TASK DETAILS:
Please repeat exactly the lines below from the one containing "Husa pentru iPad" down to the one containing "Marcell Ozuna [Red Donut Circles Prizm] #51", both included, and nothing else.

(Collection entries)
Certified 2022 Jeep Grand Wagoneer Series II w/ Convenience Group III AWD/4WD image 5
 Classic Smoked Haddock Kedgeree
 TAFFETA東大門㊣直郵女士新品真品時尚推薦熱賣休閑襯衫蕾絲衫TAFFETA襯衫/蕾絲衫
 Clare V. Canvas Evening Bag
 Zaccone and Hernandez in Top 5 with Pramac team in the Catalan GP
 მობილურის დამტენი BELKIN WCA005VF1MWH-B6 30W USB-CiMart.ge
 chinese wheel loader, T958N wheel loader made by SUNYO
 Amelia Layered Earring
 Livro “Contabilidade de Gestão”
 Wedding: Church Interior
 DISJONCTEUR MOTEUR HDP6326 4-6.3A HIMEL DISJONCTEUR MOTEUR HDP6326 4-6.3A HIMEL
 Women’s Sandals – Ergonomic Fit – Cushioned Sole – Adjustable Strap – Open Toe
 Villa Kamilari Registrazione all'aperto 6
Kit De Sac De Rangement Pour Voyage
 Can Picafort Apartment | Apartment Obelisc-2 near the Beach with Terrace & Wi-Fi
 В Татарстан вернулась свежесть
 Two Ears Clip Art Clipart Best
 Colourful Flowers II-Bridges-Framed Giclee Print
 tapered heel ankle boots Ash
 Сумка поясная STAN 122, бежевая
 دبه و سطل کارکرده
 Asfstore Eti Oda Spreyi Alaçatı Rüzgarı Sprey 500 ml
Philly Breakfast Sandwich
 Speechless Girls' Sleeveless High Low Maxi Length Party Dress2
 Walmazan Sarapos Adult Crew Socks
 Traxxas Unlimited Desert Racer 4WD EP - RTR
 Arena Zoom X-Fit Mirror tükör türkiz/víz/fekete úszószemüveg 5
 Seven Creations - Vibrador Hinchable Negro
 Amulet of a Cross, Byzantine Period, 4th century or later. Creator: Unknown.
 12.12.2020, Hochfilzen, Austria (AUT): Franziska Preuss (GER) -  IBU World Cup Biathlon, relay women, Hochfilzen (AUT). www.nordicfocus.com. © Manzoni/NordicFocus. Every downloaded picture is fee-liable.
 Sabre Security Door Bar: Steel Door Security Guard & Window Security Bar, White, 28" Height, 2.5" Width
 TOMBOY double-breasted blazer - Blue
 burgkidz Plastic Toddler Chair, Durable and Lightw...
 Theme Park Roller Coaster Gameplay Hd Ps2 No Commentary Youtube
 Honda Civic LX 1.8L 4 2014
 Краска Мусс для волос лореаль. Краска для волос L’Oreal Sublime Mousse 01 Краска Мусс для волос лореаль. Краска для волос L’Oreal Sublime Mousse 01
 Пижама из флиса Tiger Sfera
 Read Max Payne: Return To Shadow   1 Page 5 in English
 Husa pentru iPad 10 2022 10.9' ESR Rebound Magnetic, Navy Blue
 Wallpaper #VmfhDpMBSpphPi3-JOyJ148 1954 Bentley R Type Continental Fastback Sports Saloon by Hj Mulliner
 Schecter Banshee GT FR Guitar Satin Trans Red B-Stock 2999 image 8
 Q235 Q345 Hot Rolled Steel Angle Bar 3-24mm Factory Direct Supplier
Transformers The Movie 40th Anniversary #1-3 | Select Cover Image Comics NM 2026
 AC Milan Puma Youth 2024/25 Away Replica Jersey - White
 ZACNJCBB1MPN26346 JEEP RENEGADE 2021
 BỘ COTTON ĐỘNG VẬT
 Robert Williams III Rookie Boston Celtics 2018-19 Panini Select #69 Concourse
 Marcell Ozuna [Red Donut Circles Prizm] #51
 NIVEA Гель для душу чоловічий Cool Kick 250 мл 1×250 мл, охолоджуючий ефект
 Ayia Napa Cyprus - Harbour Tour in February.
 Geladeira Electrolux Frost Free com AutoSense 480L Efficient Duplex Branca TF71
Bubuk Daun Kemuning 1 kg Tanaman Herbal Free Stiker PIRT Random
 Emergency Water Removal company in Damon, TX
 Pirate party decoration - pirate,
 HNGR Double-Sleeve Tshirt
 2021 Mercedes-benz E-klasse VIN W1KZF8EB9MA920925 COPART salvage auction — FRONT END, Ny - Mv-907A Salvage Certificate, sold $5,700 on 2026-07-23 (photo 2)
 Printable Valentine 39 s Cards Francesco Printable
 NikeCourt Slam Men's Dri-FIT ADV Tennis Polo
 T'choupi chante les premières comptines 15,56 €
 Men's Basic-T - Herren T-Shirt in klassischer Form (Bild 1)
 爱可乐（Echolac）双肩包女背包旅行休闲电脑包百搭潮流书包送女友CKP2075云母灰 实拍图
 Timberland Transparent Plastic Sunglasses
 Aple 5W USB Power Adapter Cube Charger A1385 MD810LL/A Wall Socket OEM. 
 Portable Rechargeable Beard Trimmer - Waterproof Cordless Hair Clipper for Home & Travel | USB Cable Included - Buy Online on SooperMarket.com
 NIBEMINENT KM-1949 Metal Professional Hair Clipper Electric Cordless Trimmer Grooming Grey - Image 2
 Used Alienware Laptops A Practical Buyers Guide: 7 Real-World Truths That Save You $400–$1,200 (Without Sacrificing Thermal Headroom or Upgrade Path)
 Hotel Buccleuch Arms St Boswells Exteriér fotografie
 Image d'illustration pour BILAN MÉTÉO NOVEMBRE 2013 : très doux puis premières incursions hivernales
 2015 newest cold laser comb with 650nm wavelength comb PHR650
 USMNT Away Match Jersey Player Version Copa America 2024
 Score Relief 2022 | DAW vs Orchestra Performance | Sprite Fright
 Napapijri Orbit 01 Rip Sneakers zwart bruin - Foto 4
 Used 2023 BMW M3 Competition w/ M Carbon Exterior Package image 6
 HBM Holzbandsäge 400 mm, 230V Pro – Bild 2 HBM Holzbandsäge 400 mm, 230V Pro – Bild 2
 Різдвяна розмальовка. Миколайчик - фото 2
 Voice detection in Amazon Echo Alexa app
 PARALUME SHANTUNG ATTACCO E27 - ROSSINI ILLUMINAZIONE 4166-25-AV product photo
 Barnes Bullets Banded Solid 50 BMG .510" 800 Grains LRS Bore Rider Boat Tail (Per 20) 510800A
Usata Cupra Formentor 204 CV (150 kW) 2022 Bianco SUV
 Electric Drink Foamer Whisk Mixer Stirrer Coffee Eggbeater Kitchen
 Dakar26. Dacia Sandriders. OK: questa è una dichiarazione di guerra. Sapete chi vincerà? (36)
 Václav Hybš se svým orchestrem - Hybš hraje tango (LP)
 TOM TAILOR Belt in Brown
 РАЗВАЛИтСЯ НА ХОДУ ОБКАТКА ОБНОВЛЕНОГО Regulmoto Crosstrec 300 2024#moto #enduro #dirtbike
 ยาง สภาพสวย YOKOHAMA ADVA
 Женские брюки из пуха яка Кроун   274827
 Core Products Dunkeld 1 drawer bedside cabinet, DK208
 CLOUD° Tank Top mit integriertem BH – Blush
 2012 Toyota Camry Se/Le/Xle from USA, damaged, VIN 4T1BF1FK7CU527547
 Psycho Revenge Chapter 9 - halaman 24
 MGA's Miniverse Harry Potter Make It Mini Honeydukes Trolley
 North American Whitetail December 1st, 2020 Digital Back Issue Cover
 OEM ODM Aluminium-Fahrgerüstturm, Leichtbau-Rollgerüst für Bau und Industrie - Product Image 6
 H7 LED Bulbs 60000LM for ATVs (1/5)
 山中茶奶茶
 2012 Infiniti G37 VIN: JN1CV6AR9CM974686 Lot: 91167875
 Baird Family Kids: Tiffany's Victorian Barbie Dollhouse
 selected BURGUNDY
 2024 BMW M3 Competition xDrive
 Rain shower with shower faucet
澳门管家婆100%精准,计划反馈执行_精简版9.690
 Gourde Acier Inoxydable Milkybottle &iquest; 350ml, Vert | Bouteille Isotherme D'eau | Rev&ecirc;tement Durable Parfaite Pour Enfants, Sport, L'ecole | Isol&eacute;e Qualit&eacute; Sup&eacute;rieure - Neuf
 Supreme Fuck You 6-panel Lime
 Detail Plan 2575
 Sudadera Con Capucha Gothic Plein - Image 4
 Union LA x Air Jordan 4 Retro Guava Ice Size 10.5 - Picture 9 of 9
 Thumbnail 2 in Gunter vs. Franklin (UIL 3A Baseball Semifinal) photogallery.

TASK SOLUTION:
 Husa pentru iPad 10 2022 10.9' ESR Rebound Magnetic, Navy Blue
 Wallpaper #VmfhDpMBSpphPi3-JOyJ148 1954 Bentley R Type Continental Fastback Sports Saloon by Hj Mulliner
 Schecter Banshee GT FR Guitar Satin Trans Red B-Stock 2999 image 8
 Q235 Q345 Hot Rolled Steel Angle Bar 3-24mm Factory Direct Supplier
Transformers The Movie 40th Anniversary #1-3 | Select Cover Image Comics NM 2026
 AC Milan Puma Youth 2024/25 Away Replica Jersey - White
 ZACNJCBB1MPN26346 JEEP RENEGADE 2021
 BỘ COTTON ĐỘNG VẬT
 Robert Williams III Rookie Boston Celtics 2018-19 Panini Select #69 Concourse
 Marcell Ozuna [Red Donut Circles Prizm] #51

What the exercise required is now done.